小川一水『天冥の標Ⅹ 青葉よ、豊かなれ PART3』

天冥の標? 青葉よ、豊かなれ PART3 (ハヤカワ文庫JA)

天冥の標? 青葉よ、豊かなれ PART3 (ハヤカワ文庫JA)

小川一水が10年がかりで「全部盛り」で書き切った長編SFシリーズ、その本当の最終巻。

全10巻だが全10冊ではないという驚きの設定で、何と簡潔に要した冊数は全17冊。そして繰り返すが、10年がかりの執筆。

作者にはお疲れ様でしたと言いたい。

わたしはとにかく感動した。

ただAmazonのレビューを読むと、

「子どもを作れる男女カップルが一番良い」というメッセージで終わってしまって残念でした。

という謎の感想が目立つ位置にあって、これこそ本当に残念だ。

未読の方に少しだけ書いておくと、本書はそんなこと全然言ってない。

端的に、主人公は性別を超えた愛を肯定しているし、一夫一妻制に基づかない愛も肯定している。ヒロインは既に外見上は人間ではないわけだが、主人公は外見にとらわれない愛も肯定した。主人公以外に目を向けると、人間とアンドロイドの愛も描かれているし、それ生物なのかといった気体の生命との絆すら肯定している。植物型の知的生命の幼女といった謎のフェチ属性すら開発してしまった。そんな何でもありの愛と絆を描いた本作に「子どもを作れる(すなわち出産適齢期の同じ種族同士の)男女カップルが一番良い」なんてメッセージなどあろうはずもない。

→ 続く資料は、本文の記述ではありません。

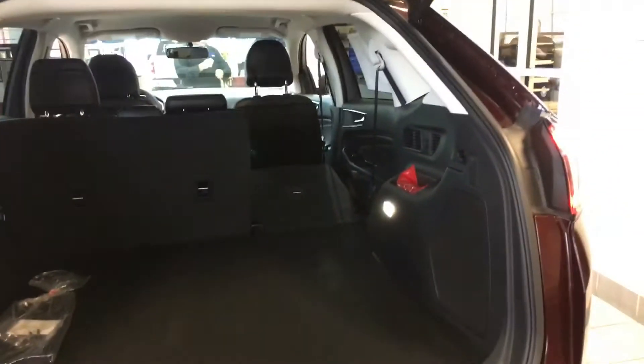It does have the kick tailgate — I just don't have the key with me to demonstrate that, but it does have it. Lots of storage space in the back. It also has power fold seats.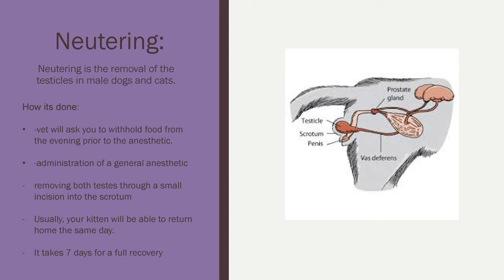So neutering — let's get down to what neutering is. Neutering is the removal of the testicles in a male dog or cat. You'll make the appointment with your vet, and the vet will ask you to withhold food for the evening prior. Pollo could not have food starting at 10 p.m. the day before. Then you bring your animal into the vet's office, and they will administer a general anesthetic to put them to sleep. Then they will remove both testes through a small incision in the scrotum. Usually your kitten will be able to return home the same day — and that's exactly what happened. Now we have to keep Pollo calm and quiet for seven full days for recovery, limiting his activity even though he wants to bounce around.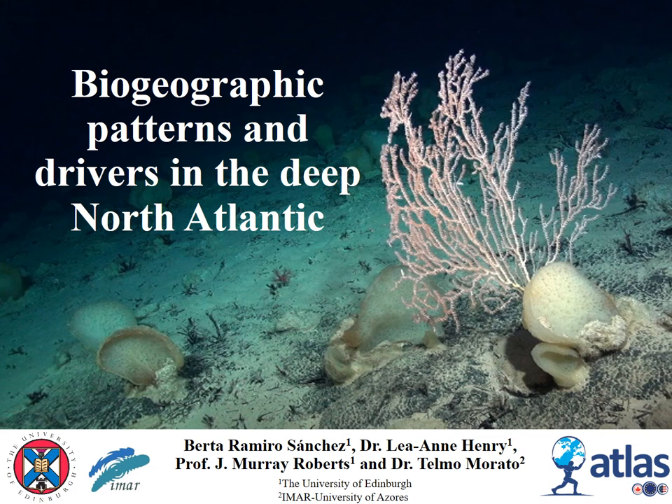Hi, I'm Berta. I'm a PhD student at the University of Edinburgh and I recently submitted my thesis on Biogeographic Patterns and Drivers in the Deep North Atlantic under the European Horizon 2020 ADLAS project, which focuses on understanding and improving knowledge of deep sea ecosystems and associated species in the North Atlantic. Today I'm going to show you how the use of publicly available digitized biodiversity data can help towards advancing knowledge in deep sea biogeography to inform management applications.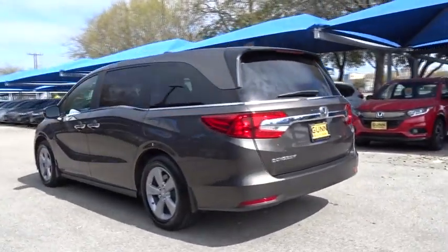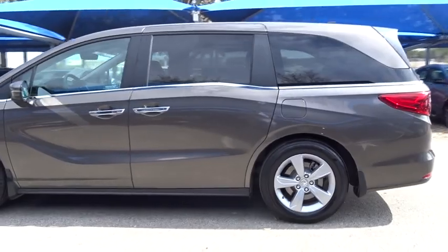This vehicle has less than 15,000 miles. Here are some of this vehicle's great options.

もう少し言おう。そもそもわたしは物語を「子どもを作れる男女カップルが一番良い」だの「愛は素晴らしい」だの「家族は良い」だのいった、この手の単純なメッセージに還元して理解しようとする姿勢が大嫌いだ。そういう単純なメッセージに還元できないことがあるからこそ、人は物語を求める。全17冊の答えが、そんな単純なメッセージであるはずがないよね。何が書かれているかって? 物語そのものです。